Lorsque je l'ai vu venir, j'ai repris mon souffle et je suis descendu pour pouvoir lui parler et régler le problème.
-Moi: je suis vraiment désolé monsieur, je n'ai pas fait expert, je vous demande pardon.
-Son ami: pourquoi vous vous excusez, est ce que vous n'avez pas appris comment conduire dans une si grande route.
-Moi: je m'excuse pour le dommage causé, dite moi combien est ce que je dois vous payer, je le ferai.
-L'homme blanc: vous êtes sûre de cela?
-Son ami: oh maintenant vous voulez nous montrer que vous êtes la fille de maman et papa. Répond moi mademoiselle, est ce que vous avez dix millions pour réparer cette voiture?
-Juliette: quoi! est ce que vous êtes malade?
-Moi: Juliette s'il tu plaît sois gentille OK.
-L'homme blanc : Je m'appelle Duque et vous?
-Moi: Moi c'est Linda.
-Son ami: je n'arrive pas à y croire, elle vient juste de détruire ta voiture et toi, tous que tu trouves à faire c'est de faire sa connaissance.
-Duque: Alexandre ce n'est pas si grave que ça...mademoiselle Linda c'est un plaisir de faire votre connaissance, est ce que je peux avoir votre numéro?
-Moi: bien-sûr, voici ma carte, vous pouvez m'appeler quand vous voulez et si vous avez besoin de quelque chose pour votre véhicule n'hésitez pas à me le dire.
-Alexandre: c'est incroyable.
-Juliette: Et maintenant monsieur Alexandre, je pense que c'est le moment pour vous d'avaler vos paroles amères.
-Moi: Juliette arrêtes, partons maintenant.
Je suis parti avec Juliette, Duque et son ami sont restés là-bas. Alexandre avait raison de réagir comme ça avec moi parce que, si j'étais concentré au volant rien de cela n'aller nous arriver.
-Duque: Alexandre cette fille Linda, elle a quelque chose de différente chez elle.
-Alexandre: quoi? qu'est ce qu'elle a?.
-Duque: laisse tomber, de toute façon tu ne comprends rien de tout ça, c'est pour cela que je répète sans cesse les mêmes choses, cherche toi une copine, fais-toi des connaissances.
-Alexandre: tu sais quoi, ramène moi à la maison.
-Duque: Tu ne veux plus sortir.
-Alexandre: oui.
-Duque: Lol, désolé frangeant.
Duque
Moi Duque, je suis un homme travailleur, je viens d'une famille riche, je suis le seul enfant de mes parents. Mon père, ma mère et ma cousine vit en France, je suis venu en Afrique pour gérer une entreprise de mon père "Santi-Santi".

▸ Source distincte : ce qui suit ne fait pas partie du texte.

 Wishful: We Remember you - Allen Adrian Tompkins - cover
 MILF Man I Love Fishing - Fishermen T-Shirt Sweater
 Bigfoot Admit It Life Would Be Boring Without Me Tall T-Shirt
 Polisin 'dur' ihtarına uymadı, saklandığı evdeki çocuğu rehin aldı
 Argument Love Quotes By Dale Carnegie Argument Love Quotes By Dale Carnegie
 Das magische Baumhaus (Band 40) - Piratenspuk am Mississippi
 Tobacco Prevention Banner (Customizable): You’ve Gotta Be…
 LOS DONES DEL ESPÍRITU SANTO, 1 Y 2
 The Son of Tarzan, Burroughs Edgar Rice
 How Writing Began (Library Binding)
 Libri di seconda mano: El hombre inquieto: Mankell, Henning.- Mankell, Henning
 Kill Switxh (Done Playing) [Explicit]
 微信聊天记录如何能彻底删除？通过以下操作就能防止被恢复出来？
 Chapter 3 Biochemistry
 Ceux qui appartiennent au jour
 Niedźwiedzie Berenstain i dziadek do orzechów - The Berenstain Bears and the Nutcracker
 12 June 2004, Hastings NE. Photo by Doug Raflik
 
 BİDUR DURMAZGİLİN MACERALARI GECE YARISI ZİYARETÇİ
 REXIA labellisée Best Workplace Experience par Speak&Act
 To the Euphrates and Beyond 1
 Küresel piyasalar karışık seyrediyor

J'aime l'Afrique, particulièrement Bissau-guinéen où je me trouve actuellement, c'est un pays que j'admire beaucoup, les habitants de ce pays traitent les étrangers bien et avec amour à mon goût et, aujourd'hui je crois que j'ai trouvé ce que je cherchais depuis longtemps "l'amour".
Moi
Avant de rentrer chez moi, je suis allée déposer Juliette chez elle mais, elle n'a pas hésité à me parler de Duque.
-Juliette: Linda est ce que tu n'as pas remarqué comment ce blanc te regardait.
-Moi: il s'appelle Duque.
-Juliette: ah oui Duque, je crois qu'il t'aime vraiment.
-Moi: tu es folle, tu dis n'importe quoi, comment pourrait-il ressentir quelque chose pour moi alors que nous venons juste de nous rencontrer en plus dans un mauvais moment, je te rappelle que je viens de défigurer sa voiture Il y a un instant.
-Juliette: oui c'est ça et pourquoi il t'a demandé ton numéro alors.
-Moi: ça j'en sais rien, peut-être que c'est pour sa voiture.
-Juliette: OK, on verra si c'est vraiment ça.
-Moi: bon chao, il faut que je rentre maintenant, demain c'est mon premier jour à l'entreprise, j'ai besoin de beaucoup de sommeil et de repos.
-Juliette: OK, baye.
Moi
C'est vrai, il faut que je rentre chez moi, j'ai beaucoup de choses qui m'attendent. D'abord ranger mes vêtements et préparer au stress.
Vous savez, je n'ai pas beaucoup d'expériences dans ce chose là, l'amour, le copain rien mais, sincèrement je commence à penser à ce que Juliette m'a dit un peu plus tôt, est ce vraiment la vérité, est ce que Duque me regardait lorsque je suis en train de lui parler?. Bref, je ne devrai pas penser à ça maintenant, il faut que je me concentre sur mon travail et mes devoirs en tant que fille, je sais que mon père attend beaucoup de choses venant de moi.